In 2008, Tiffany Rubin’s son Kobe was secretly abducted by her ex and taken to South Korea. Incredibly, Tiffany found and rescued Kobe. Now her story is the basis for the Lifetime Original Movie “Taken From Me: The Tiffany Rubin Story.” Find out what Kobe says about his time away, what Tiffany wants other parents to know and more!

When you first realized that Kobe was taken by your ex, what did you do? How did you, as a mother, react?

I was panicking and stayed in bed for a week. Eventually I went online and researched, and ultimately found Mark [of the American Association For Lost Children] through my sister in-law, because she was a teller at a bank and a customer from “Inside Edition” did his banking there and he found out about Kobe. He gave her Mark’s number because Mark had been on “Inside Edition.”

At the time, did you believe that you would be able to find Kobe and bring him back? Did you ever feel hopeless?

It was come and go. I thought I’m going to do this, I’m going to bring him back, but for a while it did seem hopeless because I read about kidnapping crimes and how rare it is to get a child back.

How has the whole incident changed your life and your relationship with Kobe?

Kobe was always number one in my life. He was seeing his father even though I was warned by people to be careful, but I thought it was better for him to have his father in his life. I’ve learned that I need to follow my gut instinct and to treasure every moment. I missed a Christmas with him while he was gone, I missed his birthday, and for Easter we always do things together. For a whole year I missed a lot of his life. You learn to treasure every single itty-bitty thing now, and it makes you overly cautious too. He says, “You’re overprotective,” but after that, I have to be.

Is he able to talk about that time period? For a child, it must have seemed like an incredibly long time to be away.

Yeah, he does say, “I thought I was gone for two years,” and I tell him that it was seven months. I think the biggest issue is that he didn’t know he was taken, so he thought I just let him go. Because he had such a horrible time there, he was thinking, “Why would my mom just let me go?” Even now, I have to sometimes remind him that I didn’t let him go, he was taken from me. I would never let him go.

Has he had any contact with his father?

No, his father is not allowed to contact us at all.

Does Kobe understand there is a movie about him and your story? What does he think?

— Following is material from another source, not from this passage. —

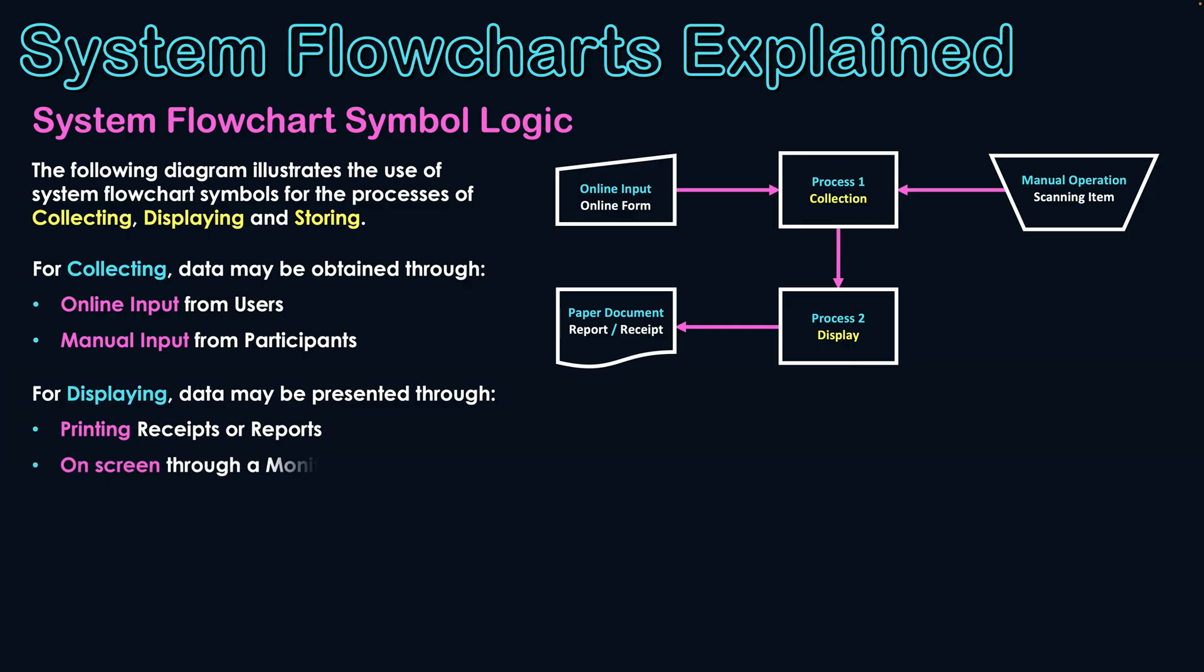Another way data could be displayed is through use of on-screen. On-screen of their node could be a terminal that is on the network, it could be on their mobile phone, but through the online display symbol. So data comes out of the display process so that it can be displayed through a monitor or screen to a user or customer. So that's collecting, that's displaying.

It’s funny because we were watching “The Craigslist Killer” movie and saw the commercial [for “Taken From Me: The Tiffany Rubin Story”] and he said, “That’s so weird” when he heard his name on TV. He knows there’s a movie, but we’re kind of separated from it. I hadn’t really told anyone I was doing it, and women at work were saying, “I was watching ‘The Craigslist Killer’ and saw the commercial!” I try to keep our life as normal as possible.

Do you think Kobe will watch the movie with you?

He might. My mother wants us to watch it with her. I’ll see if he wants to, or maybe he’ll watch when he’s older.

How do you feel about the movie? You’re a mother, just like so many Lifetime viewers, and you faced a terrible obstacle, and now your story is a movie. Have you reflected on that?

It’s strange, but one thing I can say is that it ended happily. I remember thinking how difficult it is to recover a child from a parent when they are taken, but this story will give people hope that they can. There are people out there who can help them do it.

What about Taraji P. Henson portraying you in the movie?

I like her a lot. I knew her from the Tyler Perry movies and “The Curious Case of Benjamin Button,” and I love that movie. And she’s such a nice person; I spoke to her on the phone. She’s great.

If there are parents watching the movie who may be fighting and using their children to get revenge on the other parent, what message do you hope they get from your story?

It does more damage than good. It hurts the child and it hurts both parents. Think of your child first to stop you from doing things like that. If you’re a parent who ends up in my position, follow your gut and don’t lose hope.